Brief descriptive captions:

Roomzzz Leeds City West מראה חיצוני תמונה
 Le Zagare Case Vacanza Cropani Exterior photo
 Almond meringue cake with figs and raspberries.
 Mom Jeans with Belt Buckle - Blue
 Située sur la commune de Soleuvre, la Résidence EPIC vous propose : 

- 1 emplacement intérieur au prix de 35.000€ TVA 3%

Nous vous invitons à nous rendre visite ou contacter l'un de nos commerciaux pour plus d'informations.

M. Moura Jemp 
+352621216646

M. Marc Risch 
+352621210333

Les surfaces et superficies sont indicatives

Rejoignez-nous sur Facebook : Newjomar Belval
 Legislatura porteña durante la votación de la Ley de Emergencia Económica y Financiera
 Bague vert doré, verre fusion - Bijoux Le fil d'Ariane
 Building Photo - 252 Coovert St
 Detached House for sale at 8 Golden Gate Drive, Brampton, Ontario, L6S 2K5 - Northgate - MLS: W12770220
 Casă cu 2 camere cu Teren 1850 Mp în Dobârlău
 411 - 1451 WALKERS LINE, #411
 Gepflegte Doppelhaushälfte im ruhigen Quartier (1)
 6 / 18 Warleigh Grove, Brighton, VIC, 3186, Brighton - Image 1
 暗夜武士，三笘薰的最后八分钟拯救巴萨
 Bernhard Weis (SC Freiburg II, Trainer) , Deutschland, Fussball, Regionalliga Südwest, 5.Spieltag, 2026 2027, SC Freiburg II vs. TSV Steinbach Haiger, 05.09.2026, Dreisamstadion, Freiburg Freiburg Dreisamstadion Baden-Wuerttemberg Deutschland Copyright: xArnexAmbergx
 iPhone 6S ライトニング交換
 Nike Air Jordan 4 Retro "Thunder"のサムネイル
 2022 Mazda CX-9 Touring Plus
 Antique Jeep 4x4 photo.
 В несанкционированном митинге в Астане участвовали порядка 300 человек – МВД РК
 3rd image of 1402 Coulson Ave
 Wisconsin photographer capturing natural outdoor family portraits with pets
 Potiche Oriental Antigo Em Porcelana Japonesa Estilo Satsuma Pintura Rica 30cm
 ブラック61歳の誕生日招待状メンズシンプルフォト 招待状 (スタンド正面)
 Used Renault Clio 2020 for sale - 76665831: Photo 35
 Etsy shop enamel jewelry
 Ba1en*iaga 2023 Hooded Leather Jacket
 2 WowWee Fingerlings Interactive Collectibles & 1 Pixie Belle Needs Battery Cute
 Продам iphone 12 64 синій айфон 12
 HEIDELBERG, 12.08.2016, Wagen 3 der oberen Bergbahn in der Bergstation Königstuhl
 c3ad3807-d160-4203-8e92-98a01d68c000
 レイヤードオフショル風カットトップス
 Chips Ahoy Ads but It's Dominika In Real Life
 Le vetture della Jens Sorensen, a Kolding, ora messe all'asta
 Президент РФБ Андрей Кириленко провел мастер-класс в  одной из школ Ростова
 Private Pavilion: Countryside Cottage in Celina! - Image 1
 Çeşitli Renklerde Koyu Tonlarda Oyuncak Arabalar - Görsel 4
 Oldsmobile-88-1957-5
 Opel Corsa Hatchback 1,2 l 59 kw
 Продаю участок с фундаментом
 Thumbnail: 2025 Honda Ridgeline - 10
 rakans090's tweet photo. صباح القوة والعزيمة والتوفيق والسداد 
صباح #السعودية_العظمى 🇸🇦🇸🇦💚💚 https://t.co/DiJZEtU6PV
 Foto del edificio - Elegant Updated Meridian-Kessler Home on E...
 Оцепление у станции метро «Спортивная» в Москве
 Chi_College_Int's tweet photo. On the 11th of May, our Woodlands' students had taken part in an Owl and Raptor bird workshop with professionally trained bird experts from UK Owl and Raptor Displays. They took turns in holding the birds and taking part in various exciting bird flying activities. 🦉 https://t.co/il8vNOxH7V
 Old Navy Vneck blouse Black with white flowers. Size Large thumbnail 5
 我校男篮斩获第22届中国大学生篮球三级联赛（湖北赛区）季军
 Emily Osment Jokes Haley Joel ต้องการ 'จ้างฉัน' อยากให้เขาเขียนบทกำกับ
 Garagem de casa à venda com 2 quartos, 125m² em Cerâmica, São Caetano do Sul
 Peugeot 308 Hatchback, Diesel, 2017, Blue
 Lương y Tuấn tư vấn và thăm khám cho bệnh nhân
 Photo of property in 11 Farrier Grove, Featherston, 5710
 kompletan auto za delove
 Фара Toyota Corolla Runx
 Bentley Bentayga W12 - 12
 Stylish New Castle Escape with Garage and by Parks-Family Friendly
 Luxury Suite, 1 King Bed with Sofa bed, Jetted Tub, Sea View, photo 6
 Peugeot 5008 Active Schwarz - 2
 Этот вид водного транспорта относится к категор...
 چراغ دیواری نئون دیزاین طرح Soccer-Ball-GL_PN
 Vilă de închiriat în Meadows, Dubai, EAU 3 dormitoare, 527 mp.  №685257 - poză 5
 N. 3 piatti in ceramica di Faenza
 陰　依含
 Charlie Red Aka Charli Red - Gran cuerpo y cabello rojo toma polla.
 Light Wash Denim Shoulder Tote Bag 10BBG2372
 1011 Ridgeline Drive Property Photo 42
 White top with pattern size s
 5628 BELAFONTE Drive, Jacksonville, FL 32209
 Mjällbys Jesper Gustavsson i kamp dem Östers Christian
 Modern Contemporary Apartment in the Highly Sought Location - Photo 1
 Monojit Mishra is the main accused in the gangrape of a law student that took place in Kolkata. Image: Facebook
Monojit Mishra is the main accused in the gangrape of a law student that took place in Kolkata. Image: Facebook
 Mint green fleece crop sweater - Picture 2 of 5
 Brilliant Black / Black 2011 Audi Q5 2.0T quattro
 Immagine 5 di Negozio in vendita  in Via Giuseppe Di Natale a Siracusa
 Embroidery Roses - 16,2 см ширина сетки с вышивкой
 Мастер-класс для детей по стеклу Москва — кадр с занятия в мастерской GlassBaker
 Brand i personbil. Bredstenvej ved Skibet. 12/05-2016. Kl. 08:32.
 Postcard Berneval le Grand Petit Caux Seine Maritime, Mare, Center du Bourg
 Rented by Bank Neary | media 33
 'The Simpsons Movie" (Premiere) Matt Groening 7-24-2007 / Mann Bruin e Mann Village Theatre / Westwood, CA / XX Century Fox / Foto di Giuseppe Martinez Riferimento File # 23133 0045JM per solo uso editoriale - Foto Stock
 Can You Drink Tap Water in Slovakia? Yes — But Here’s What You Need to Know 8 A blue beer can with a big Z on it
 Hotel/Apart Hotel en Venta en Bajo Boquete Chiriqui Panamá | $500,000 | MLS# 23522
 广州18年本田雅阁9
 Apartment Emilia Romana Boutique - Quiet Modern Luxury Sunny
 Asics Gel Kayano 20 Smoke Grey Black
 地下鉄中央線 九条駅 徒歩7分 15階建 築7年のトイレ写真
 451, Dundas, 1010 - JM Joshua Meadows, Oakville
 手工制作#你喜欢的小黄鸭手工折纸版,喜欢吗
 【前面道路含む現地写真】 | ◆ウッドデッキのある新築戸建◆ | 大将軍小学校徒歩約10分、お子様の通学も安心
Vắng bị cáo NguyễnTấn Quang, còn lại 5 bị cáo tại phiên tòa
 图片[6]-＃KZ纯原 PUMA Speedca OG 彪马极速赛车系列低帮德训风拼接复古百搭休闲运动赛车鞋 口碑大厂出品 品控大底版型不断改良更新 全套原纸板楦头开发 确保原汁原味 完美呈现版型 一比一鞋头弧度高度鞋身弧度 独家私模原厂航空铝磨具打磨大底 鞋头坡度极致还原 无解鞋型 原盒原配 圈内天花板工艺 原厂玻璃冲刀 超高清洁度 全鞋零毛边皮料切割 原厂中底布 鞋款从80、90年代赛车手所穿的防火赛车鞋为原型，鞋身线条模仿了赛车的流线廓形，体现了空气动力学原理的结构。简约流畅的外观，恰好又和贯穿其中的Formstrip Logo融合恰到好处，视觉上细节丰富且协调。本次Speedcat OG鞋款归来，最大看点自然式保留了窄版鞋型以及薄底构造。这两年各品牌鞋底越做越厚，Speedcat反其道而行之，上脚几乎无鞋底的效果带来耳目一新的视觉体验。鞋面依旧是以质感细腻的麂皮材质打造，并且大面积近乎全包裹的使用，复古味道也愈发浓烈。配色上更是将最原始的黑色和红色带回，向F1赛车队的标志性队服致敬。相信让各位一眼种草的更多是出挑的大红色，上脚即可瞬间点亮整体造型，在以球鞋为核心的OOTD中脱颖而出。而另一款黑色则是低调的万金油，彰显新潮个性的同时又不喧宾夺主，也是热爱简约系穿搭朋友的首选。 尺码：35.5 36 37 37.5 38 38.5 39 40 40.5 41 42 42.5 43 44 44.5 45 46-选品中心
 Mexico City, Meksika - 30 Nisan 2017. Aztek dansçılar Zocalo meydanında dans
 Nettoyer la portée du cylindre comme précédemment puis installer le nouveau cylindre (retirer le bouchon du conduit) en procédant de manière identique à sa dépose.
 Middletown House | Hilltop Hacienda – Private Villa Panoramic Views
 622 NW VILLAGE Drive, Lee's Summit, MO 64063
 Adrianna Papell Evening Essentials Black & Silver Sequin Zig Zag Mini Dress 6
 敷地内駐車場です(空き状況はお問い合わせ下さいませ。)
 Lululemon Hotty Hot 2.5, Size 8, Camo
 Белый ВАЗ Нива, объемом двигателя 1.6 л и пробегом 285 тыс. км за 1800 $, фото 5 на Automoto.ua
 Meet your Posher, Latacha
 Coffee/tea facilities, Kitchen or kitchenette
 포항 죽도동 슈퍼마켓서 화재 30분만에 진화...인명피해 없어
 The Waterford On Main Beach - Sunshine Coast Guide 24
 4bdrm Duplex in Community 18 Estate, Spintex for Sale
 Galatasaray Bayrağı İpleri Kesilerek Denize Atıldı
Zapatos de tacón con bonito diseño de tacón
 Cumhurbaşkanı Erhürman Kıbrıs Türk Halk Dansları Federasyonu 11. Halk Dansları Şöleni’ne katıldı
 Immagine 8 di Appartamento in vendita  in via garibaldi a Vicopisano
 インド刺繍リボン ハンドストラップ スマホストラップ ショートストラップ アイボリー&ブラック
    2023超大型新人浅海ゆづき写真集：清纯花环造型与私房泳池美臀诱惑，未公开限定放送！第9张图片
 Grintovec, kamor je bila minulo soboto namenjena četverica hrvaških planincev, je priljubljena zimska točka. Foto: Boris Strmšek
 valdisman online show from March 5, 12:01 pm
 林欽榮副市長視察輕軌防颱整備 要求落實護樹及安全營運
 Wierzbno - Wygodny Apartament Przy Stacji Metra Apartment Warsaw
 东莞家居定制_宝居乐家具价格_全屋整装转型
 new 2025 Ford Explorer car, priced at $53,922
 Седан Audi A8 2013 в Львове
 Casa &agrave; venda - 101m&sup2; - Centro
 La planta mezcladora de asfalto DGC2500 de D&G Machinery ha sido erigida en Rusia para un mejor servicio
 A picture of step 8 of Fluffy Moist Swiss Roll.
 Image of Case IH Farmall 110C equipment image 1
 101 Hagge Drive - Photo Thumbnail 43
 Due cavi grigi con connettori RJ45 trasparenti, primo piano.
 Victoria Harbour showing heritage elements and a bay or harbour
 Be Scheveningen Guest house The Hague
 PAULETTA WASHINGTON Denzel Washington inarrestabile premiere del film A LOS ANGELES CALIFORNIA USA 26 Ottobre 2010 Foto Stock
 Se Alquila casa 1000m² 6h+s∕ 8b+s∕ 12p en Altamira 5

■ Your task
Using the entries above, quote each line verbatim from the first through the line that contains "Rejoignez-nous sur Facebook : Newjomar Belval".

■ Solution
Roomzzz Leeds City West מראה חיצוני תמונה
 Le Zagare Case Vacanza Cropani Exterior photo
 Almond meringue cake with figs and raspberries.
 Mom Jeans with Belt Buckle - Blue
 Située sur la commune de Soleuvre, la Résidence EPIC vous propose : 

- 1 emplacement intérieur au prix de 35.000€ TVA 3%

Nous vous invitons à nous rendre visite ou contacter l'un de nos commerciaux pour plus d'informations.

M. Moura Jemp 
+352621216646

M. Marc Risch 
+352621210333

Les surfaces et superficies sont indicatives

Rejoignez-nous sur Facebook : Newjomar Belval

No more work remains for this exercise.